ROCINANTE — Stop Burning Tokens

You're paying for context,
not capability.

Every morning, your agent wakes up with amnesia. The context window fills with yesterday's conversation, you burn through tokens re-explaining your codebase, and by the time it's useful, you've spent $8 on what should have been a $0.50 task.

The default setup routes everything through one model. Searching files? Your most expensive model. Reading code? Same expensive model. Generating boilerplate? Still the expensive one. You're paying premium rates for work that a model five times cheaper handles identically.

Meanwhile, you're watching your weekly usage tick up and you're not even sure where it's going. Tokens burned on re-reading files, re-explaining context, and repeating searches your agent already did yesterday. Rocinante helps you stop wasting tokens on busywork so you can use them for the things that actually matter.

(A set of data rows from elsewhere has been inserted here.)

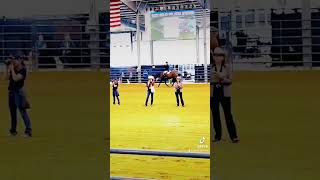 horseshowlife farming rodeo horse farmlifebestlife farm horsebarn horsegirl horseshowing [upl. by Leahkim]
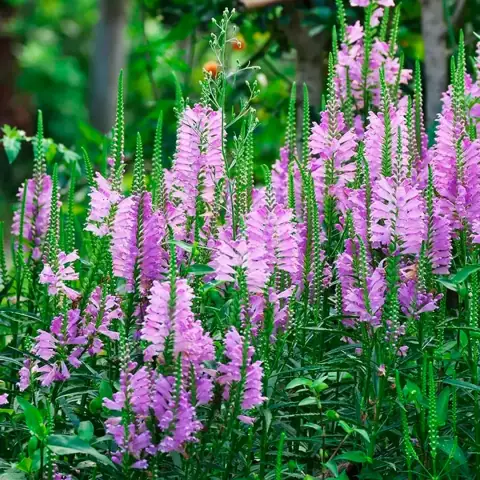 Физостегия виргинская (Physostegia virginiana) Rosea
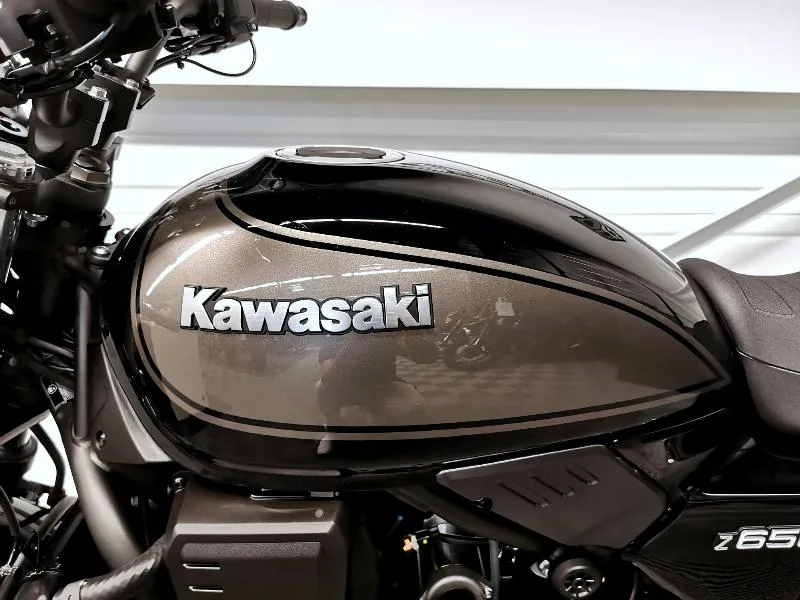 Z650 RS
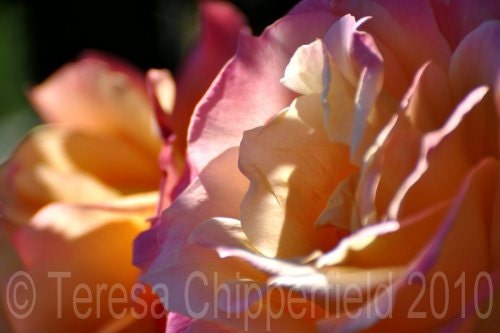 Two Beauties - Lovely Yellow and Pink Rose - 8 x 12 - Fine Art Digital Photo Print - Macro, close up, Vivid, bright, sunny, home decor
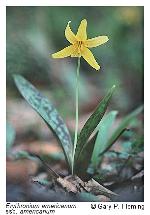 Erythronium americanum Ker-Gawl. ssp. americanum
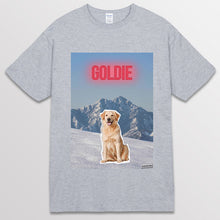 이미지를 갤러리 뷰어에 로드 , spogray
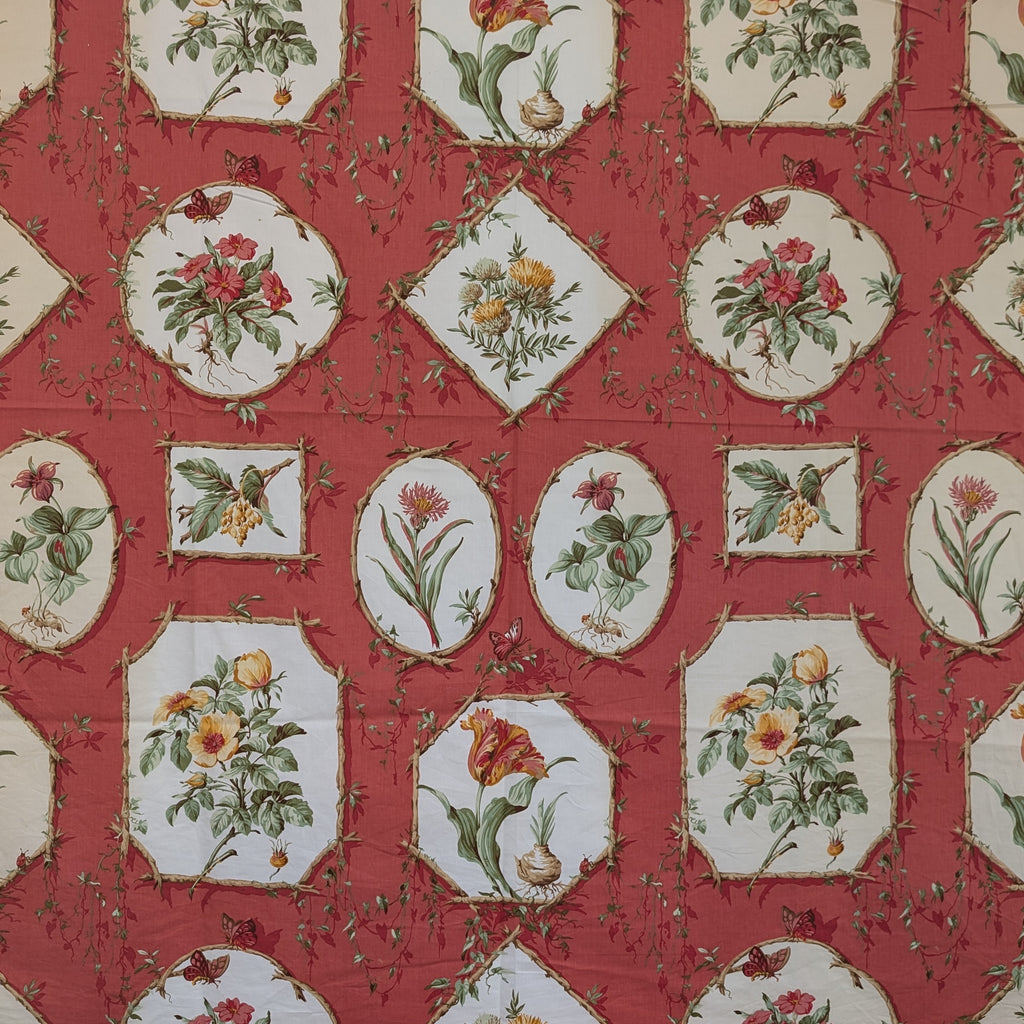 Greeff 'Greenbrier Botanical' Remnant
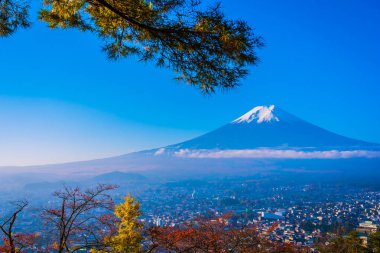 Güzel manzara dağ fuji akçaağaç yaprağı ağacında çevresinde bir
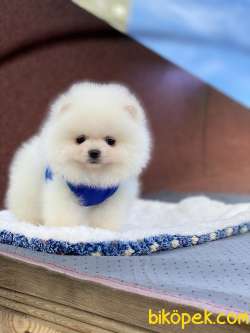 ORJİNAL POMERANİAN BOO 3
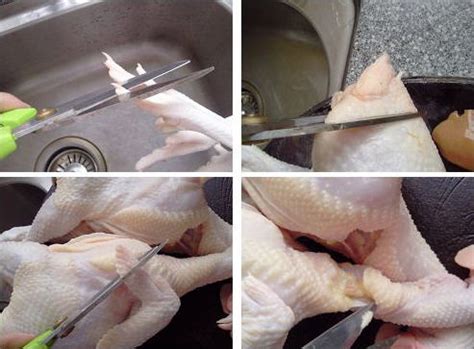 整鸡怎么处理？整个鸡子的清洗和处理方法图解-聚餐网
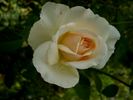 Julia Renaissance rose photo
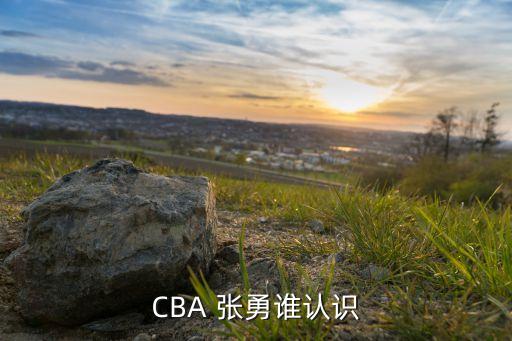 張勇 足球運(yùn)動員,張勇足球教練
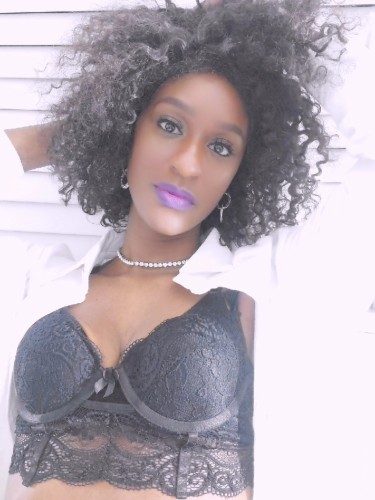 Greensboro BodyRubs Offered By (443)892-0795 | Bodyrubs (443)892-0795 is Blackand offers nuru massages, asian massage, bodyrubs in Greensboro and available for incall on rubrankings
Ebony Masseuse providing nude full body rub, hands only ending. Addtl services offered to repeat clients 😉 . All races welcome, Age 45+.
Incall to hotel this week only. Come and see me!!!
Fully nude body rub $100 /hr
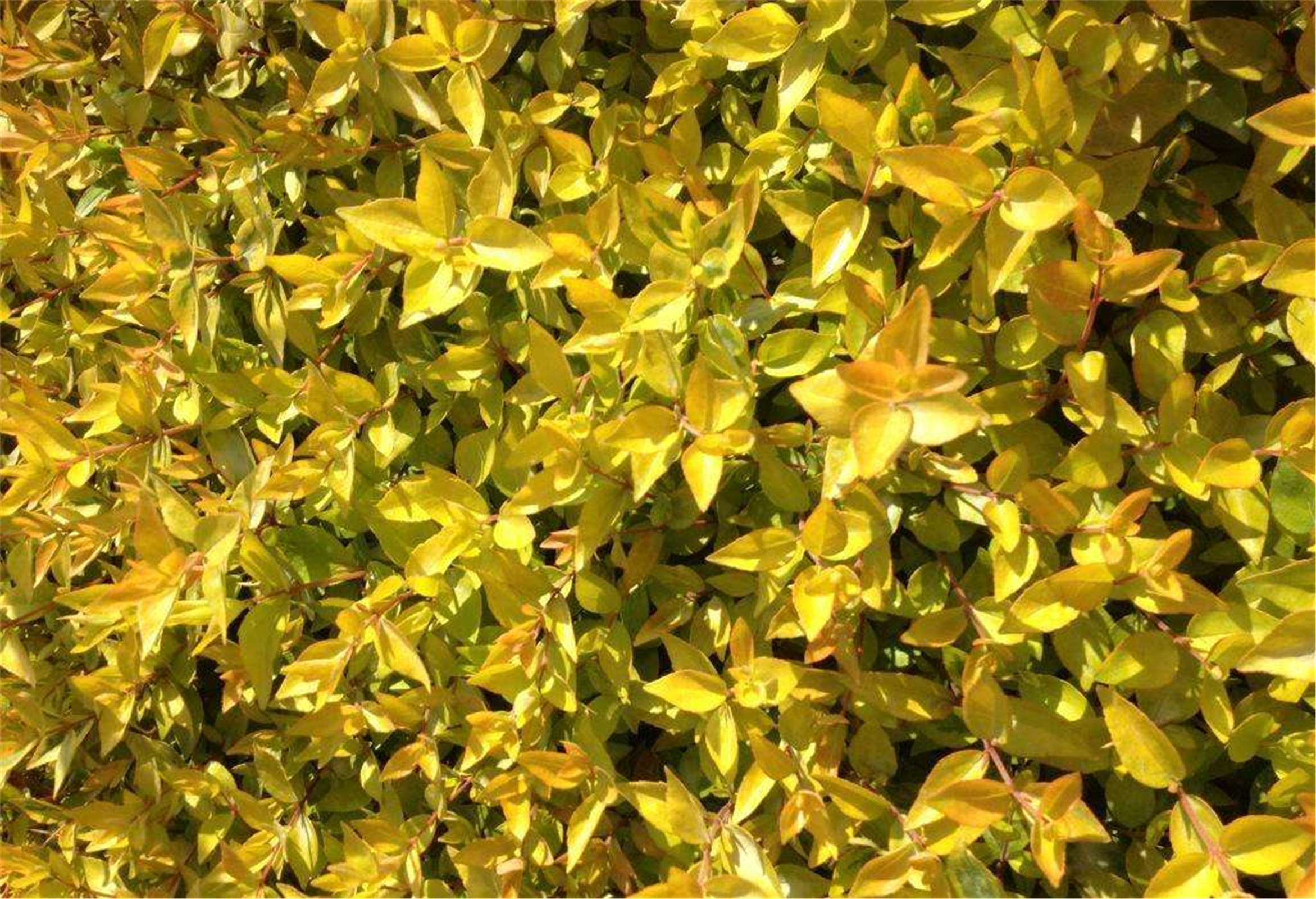 金叶大花六道木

The patterns to fix this exist. They're scattered across Discord threads, GitHub discussions, and the setups of a few dozen power users who figured it out through months of trial and error. Rocinante collects those patterns into a single, opinionated playbook.

What's Inside

Six chapters. Zero filler.

Memory Architecture

Your agent forgets everything between sessions. This chapter fixes that. Build a memory system that survives restarts, grows with your projects, and costs nothing to search.
Local-First Routing

Stop sending everything to the cloud. Run search, prompts, and knowledge lookups on your own machine. Your code stays private, your costs drop, and your agent gets faster.
Multi-Model Orchestration

Use the smart model for thinking. Use the cheap model for scanning. Use the fast model for grunt work. Match the right tool to each task instead of paying top dollar for everything.
Token Optimization

Your agent wastes tokens repeating itself, re-reading files it already knows, and asking the cloud for answers it has locally. These patterns cut the waste and improve what you get back.
Production Operations

Services crash. Sessions drop. Configs break. This chapter covers the unglamorous work that keeps your agent running 24/7: process management, health checks, and automatic recovery.
Self-Improving Agents

When you correct your agent, it should learn permanently. Not just for this session, but forever. Build agents that capture mistakes, promote lessons, and get better on their own.

This is my daily system.

This playbook wasn't assembled from Reddit threads and Discord screenshots. It started there, sure. But the patterns inside come from hundreds of hours of daily use: building, breaking, rebuilding, and evolving these systems on real infrastructure with real deadlines.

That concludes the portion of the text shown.